Plutosaturation
The modern economy keeps getting better at turning raw materials and energy into goods and services- known as productivity gains. That is, real cost of making stuff gets cheaper.
A common political argument is that the proceeds should be distributed more widely. That sounds fair enough. If the economy can produce more, more people should get more.
However, if productivity gains are widely distributed, more people consume more goods and services. They buy more things, travel more, eat more varied food, live in bigger houses, use more devices, replace things more often and expect more services around them.
That means more material extraction. More energy. More transport. More waste. More emissions. That is, acceleration in climate change and depletion of resources.

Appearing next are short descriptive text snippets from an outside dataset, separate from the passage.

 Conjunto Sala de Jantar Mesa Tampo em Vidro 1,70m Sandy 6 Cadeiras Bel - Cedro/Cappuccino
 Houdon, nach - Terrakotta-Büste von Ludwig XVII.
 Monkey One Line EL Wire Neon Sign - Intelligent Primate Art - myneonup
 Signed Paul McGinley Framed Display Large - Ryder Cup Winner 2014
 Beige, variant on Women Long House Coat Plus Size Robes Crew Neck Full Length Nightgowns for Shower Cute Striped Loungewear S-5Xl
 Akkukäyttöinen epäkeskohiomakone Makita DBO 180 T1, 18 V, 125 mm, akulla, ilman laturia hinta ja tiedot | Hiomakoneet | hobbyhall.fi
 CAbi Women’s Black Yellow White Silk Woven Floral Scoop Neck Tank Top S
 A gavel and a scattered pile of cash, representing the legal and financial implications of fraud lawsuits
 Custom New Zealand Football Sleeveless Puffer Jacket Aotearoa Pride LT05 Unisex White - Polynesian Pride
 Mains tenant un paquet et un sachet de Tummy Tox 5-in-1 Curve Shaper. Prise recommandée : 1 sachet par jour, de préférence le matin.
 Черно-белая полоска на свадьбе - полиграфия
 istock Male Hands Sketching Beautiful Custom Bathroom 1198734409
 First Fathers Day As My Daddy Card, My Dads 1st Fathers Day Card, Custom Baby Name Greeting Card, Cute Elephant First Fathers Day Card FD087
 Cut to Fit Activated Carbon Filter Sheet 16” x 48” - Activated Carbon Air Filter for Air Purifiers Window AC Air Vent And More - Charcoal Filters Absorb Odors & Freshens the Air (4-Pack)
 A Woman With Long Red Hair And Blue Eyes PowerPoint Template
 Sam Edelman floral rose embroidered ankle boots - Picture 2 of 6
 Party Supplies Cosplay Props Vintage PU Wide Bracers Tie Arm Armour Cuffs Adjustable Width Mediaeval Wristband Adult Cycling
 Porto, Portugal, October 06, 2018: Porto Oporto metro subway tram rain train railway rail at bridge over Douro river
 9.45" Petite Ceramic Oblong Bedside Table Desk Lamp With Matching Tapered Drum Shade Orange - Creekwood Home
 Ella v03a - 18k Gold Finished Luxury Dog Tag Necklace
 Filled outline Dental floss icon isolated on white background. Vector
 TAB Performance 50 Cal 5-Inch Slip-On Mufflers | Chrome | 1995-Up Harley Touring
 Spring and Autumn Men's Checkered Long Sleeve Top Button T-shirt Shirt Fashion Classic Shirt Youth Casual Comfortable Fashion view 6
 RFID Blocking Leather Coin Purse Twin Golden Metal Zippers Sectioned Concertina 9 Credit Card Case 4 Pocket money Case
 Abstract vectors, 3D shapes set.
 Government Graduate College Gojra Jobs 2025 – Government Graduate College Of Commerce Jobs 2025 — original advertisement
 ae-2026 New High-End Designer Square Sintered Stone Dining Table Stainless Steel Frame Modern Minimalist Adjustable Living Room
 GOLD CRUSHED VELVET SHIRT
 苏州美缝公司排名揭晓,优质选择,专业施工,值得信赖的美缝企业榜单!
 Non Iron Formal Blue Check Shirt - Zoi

The unexpected counterweight is wealth inequality. If the gains from productivity are captured by a small number of people (as they are), the consumption effect is throttled. A billionaire does not eat a billion breakfasts. They do not wear a billion shirts. They do not personally occupy a billion houses. There is only so much one body can consume in one day. After a point, extra wealth stops turning into extra consumption. It turns into assets, shares, property, influence, tax structures, private foundations, vanity projects and dynastic storage.
So inequality becomes a kind of accidental ecological brake. The ugly little paradox is this: broad prosperity increases consumption, while concentrated wealth limits consumption by trapping purchasing power above the level at which one person can use it. I am going to call this “Plutosaturation”.
Plutosaturation is the point where extra wealth held by the rich no longer converts efficiently into personal consumption, because human appetite, time and physical use all have limits.
The theoretical maximum consumption of one person could be pushed into the billions of dollars per year if “consumption” includes deliberately wasteful commanded consumption: private resorts, chartered aircraft, celebrity performances, extreme luxury travel, personal staff, security, medical services, food, drink, fuel, hotel stays and events with no retained asset value. A rough upper-bound estimate of about USD 3 billion per year is possible on paper, but it is not a realistic sustained consumption level because one person has limited time, appetite, attention and physical use capacity, and because much of the apparent spending by the ultra-wealthy is actually asset conversion rather than consumption. So USD 3 billion per year is best treated as an absurd theoretical ceiling, while realistic sustained personal consumption is likely far lower, say USD 10 million per person per year in actual non-asset consumption.
The global top 0.01 percent appear to hold about USD 100 trillion in wealth. Even if each member personally consumed USD 10 million per year, they would only convert about USD 5.6 trillion of that wealth into annual consumption. The remaining USD 94 trillion is not inactive, but it is trapped above the level at which it can be converted into ordinary personal consumption. Sure it gets reinvested in schemes that create productivty gains. But these in turn get trapped.